Happy Birthday, Linux: Raise a Glass
Today, August 25, is the day traditionally used as the anniversary date for the Linux operating system.
Much pomp and circumstance surrounded last year's observance of Linux's 20th birthday, so this year there won't be a lot of big parties planned. But for those of us here in the U.S., the 21st birthday is a significant milestone.
It's time for the penguin to buy a drink and celebrate. And it's a drink that's well deserved. With dominance in the web, cloud, and mobile sectors, Linux has indeed come a long way since those days in the latter half of 1991.
To get an idea of how fast Linux took off, thinking about just the timeline of the first year of its existence.
Linus Torvalds' now-famous announcement on the comp.os.minux newsgroup was posted on August 25, 1991. This would soon be followed by the first Linux kernel release (0.01) on September 17, then public release of the Linux kernel (0.02) on October 5.

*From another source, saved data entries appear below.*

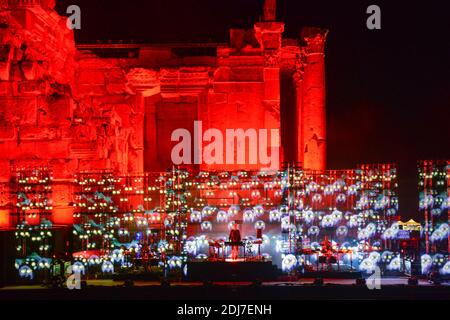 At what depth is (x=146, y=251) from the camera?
27.7 meters

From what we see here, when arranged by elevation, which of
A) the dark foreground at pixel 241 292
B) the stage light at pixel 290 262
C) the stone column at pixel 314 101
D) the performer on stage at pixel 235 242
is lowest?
the dark foreground at pixel 241 292

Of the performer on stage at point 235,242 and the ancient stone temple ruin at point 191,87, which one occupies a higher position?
the ancient stone temple ruin at point 191,87

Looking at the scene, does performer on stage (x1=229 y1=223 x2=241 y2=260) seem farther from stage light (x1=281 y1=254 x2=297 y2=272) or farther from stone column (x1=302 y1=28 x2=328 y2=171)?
stone column (x1=302 y1=28 x2=328 y2=171)

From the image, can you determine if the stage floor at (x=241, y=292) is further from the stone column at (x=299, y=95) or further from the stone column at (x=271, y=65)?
the stone column at (x=299, y=95)

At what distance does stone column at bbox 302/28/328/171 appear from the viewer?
36.8 m

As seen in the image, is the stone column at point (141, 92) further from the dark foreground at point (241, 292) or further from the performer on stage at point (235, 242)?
the dark foreground at point (241, 292)

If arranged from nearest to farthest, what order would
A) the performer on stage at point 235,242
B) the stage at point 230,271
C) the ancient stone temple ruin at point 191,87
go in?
the stage at point 230,271, the performer on stage at point 235,242, the ancient stone temple ruin at point 191,87

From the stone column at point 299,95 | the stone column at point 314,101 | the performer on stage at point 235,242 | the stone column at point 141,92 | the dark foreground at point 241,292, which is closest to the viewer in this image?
the dark foreground at point 241,292

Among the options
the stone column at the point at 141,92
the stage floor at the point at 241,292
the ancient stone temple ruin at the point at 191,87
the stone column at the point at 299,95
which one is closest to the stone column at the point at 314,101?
the ancient stone temple ruin at the point at 191,87

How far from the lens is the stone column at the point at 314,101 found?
36.8 meters

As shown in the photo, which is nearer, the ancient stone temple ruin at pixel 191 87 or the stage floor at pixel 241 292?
the stage floor at pixel 241 292

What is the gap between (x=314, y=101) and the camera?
3734cm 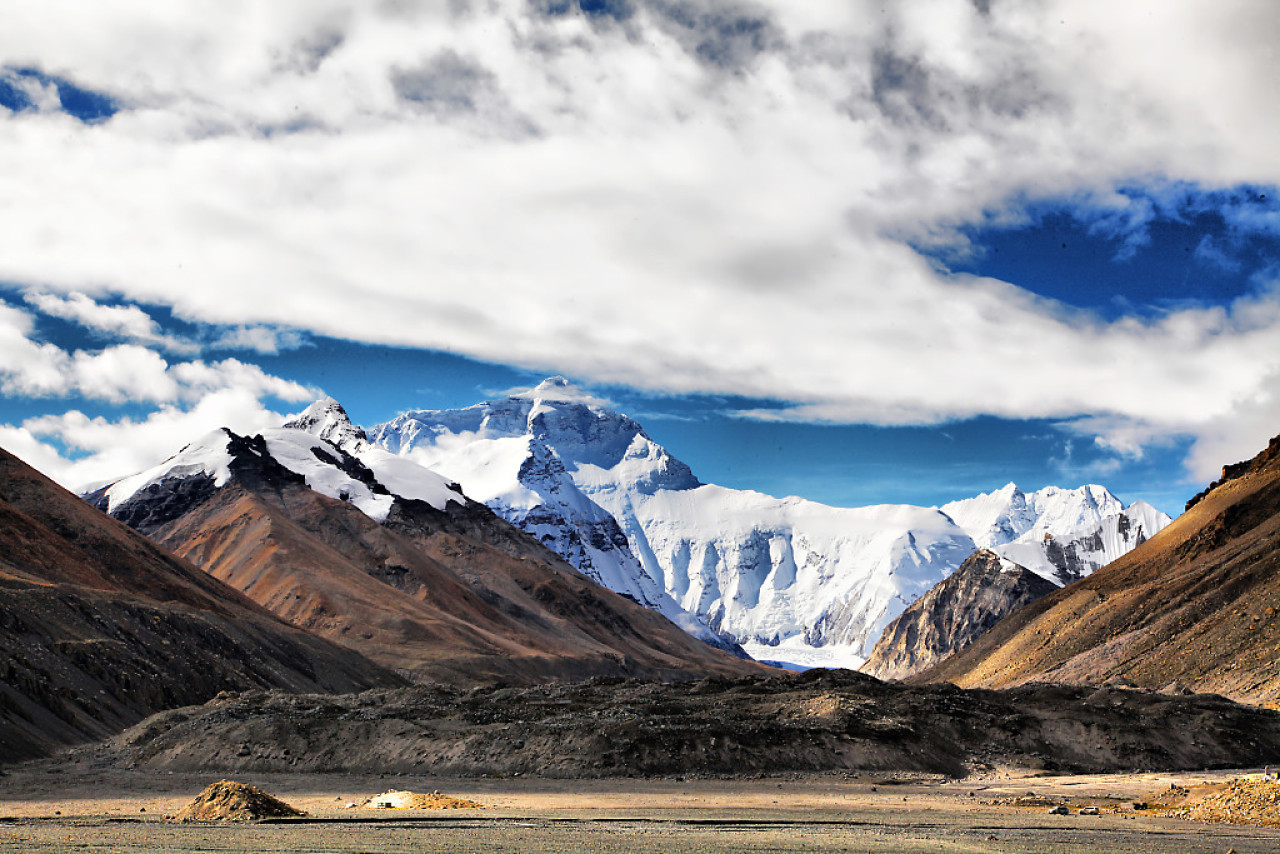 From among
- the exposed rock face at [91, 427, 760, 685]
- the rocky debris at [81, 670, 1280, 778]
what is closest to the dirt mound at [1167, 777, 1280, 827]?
the rocky debris at [81, 670, 1280, 778]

By November that same year, the Manchester Computer Centre (MCC) would make the Linux kernel available on its FTP site. But it was nothing like Linux as we knew it. In 2004, Joe Klemmer described the world of Linux on Linux Weekly News:
"Back in late 1991, when Linux first hit the 'Net, there were no distributions per se. The closest thing was HJ Lu's Boot/Root floppies. They were 5.25" diskettes that could be used to get a Linux system running. You booted from the boot disk and then, when prompted, inserted the root disk. After a while you got a command prompt. Back in those days if you wanted to boot from your hard drive you had to use a hex editor on the master boot record of your disk. Something that was definitely not for the faint of heart. I remember when Erik Ratcliffe wrote the first instructions (this was long before HOWTO files) on how to do just that. It wasn't until later that anything you could call a real distribution appeared."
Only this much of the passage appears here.